WORK INSTRUCTION: Let the line containing "this 800×600 image." serve as the first line of the answer and the final line of the entries as its last, with every line between copied exactly.

[Saved entries]
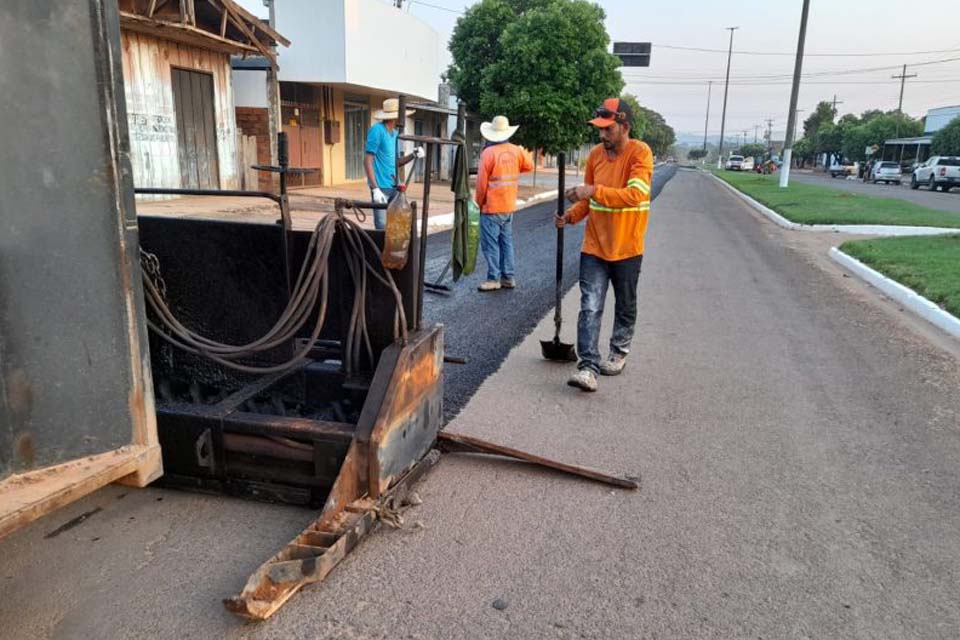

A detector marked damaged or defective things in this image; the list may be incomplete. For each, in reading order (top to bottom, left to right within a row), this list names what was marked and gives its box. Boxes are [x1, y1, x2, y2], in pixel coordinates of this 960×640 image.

rusty scraper blade [440, 430, 636, 490]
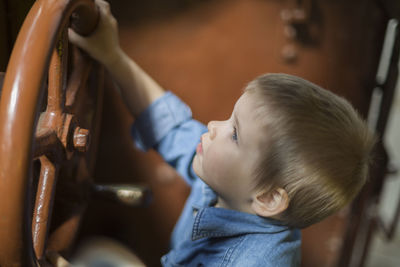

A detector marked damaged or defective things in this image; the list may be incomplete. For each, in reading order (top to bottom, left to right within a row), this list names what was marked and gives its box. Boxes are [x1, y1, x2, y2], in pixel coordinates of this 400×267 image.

rusty metal surface [0, 0, 99, 266]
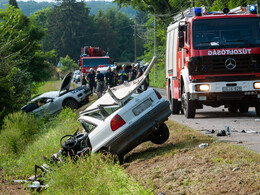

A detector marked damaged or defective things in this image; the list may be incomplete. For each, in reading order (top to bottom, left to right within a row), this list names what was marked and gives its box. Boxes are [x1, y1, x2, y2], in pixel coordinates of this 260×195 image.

overturned vehicle [21, 72, 91, 116]
crashed silver car [21, 72, 92, 116]
damaged vehicle [21, 72, 92, 116]
overturned vehicle [66, 56, 172, 163]
crashed silver car [77, 56, 171, 163]
damaged vehicle [76, 56, 172, 163]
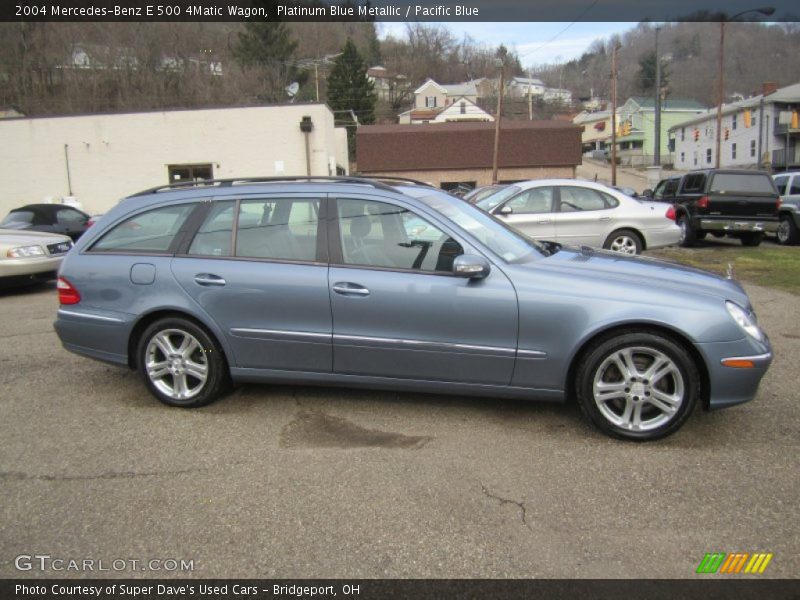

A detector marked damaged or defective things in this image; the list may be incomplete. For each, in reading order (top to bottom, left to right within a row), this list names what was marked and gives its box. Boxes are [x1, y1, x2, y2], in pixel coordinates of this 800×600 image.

pavement crack [478, 480, 528, 528]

SOLUTION FOR THIS PROBLEM:
A detector marked damaged or defective things in this image; the list may be incomplete. For each, in reading order (top to bottom, left to right within a row), this list names what was marked and gives its box. Boxes are [x1, y1, x2, y2], in pixel coordinates of this 800×600 image.

pavement crack [478, 480, 528, 528]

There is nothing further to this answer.